Step 306: and after the third verification is passed, sending the encrypted data to the source chain through the acquisition interface.

And the source chain decrypts the received encrypted data by using the decryption key, performs format conversion on the decrypted data by using the heterogeneous data mapping table, and provides the data after format conversion for the user corresponding to the unique user identifier.

In this embodiment of the present disclosure, the source chain directly requests to the target chain to acquire heterogeneous data stored on the target chain, where the target chain first verifies whether a user requesting the heterogeneous data on the source chain is legal, for example, the source chain sends a unique user identifier requesting the heterogeneous data from the target chain and a unique data identifier of the request to the target chain, and the target chain determines whether a user corresponding to the unique user identifier has an authority for acquiring data corresponding to the unique data identifier, and if no authority is acquired, the source chain is notified. If the acquisition permission exists, an acquisition interface of the encrypted data corresponding to the unique data identifier is generated, so that the source chain can acquire the encrypted data through the acquisition interface.

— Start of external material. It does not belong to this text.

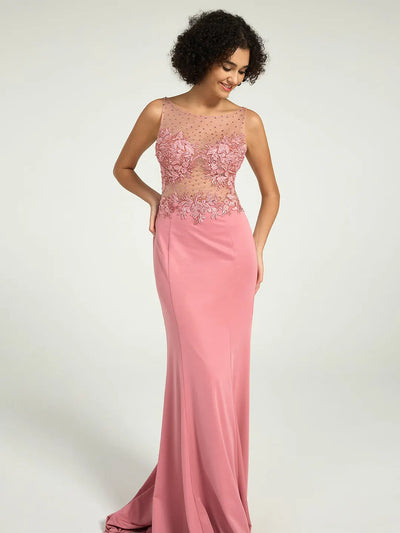 Carlyna Illusion Neckline Jersey Sheath Dress with Lace, Pearl, and Jewel Embellished Bodice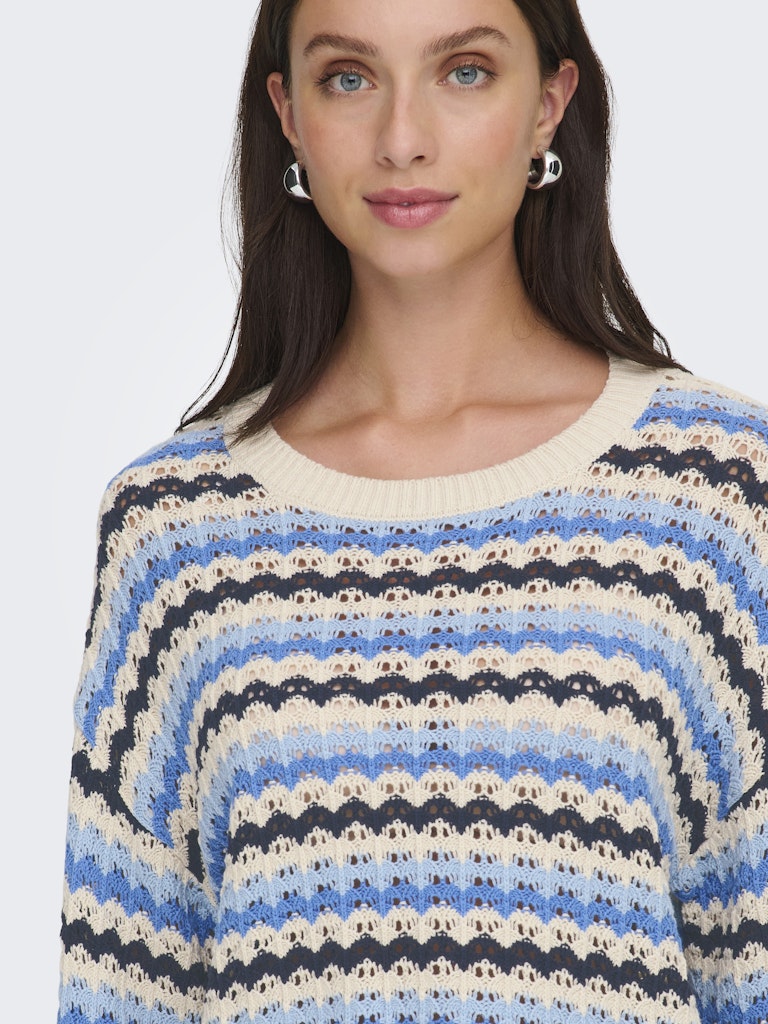 Onlasa Ls O-neck Knt Nca - Blauw Dessin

However, since the target chain may have multiple source chains to acquire data at the same time, and since the data format stored on the target chain is different from the data format of the source chain, the source chain needs to perform format conversion after acquiring the data of the target chain again, and therefore, in view of the processing efficiency of the source chain and the target chain, the target chain cannot store the data conversion policies corresponding to all the source chains, and the source chain cannot store the data conversion policies corresponding to all the target chains. And the target chain cannot respond to data acquisition requests of all source chains. Therefore, the embodiment of the specification is responsible for all of the authentication work of the source chain, the distribution work of the acquisition interface and the heterogeneous data of the target chain for guiding the source chain to adapt to the target chain by the cross-chain bridge.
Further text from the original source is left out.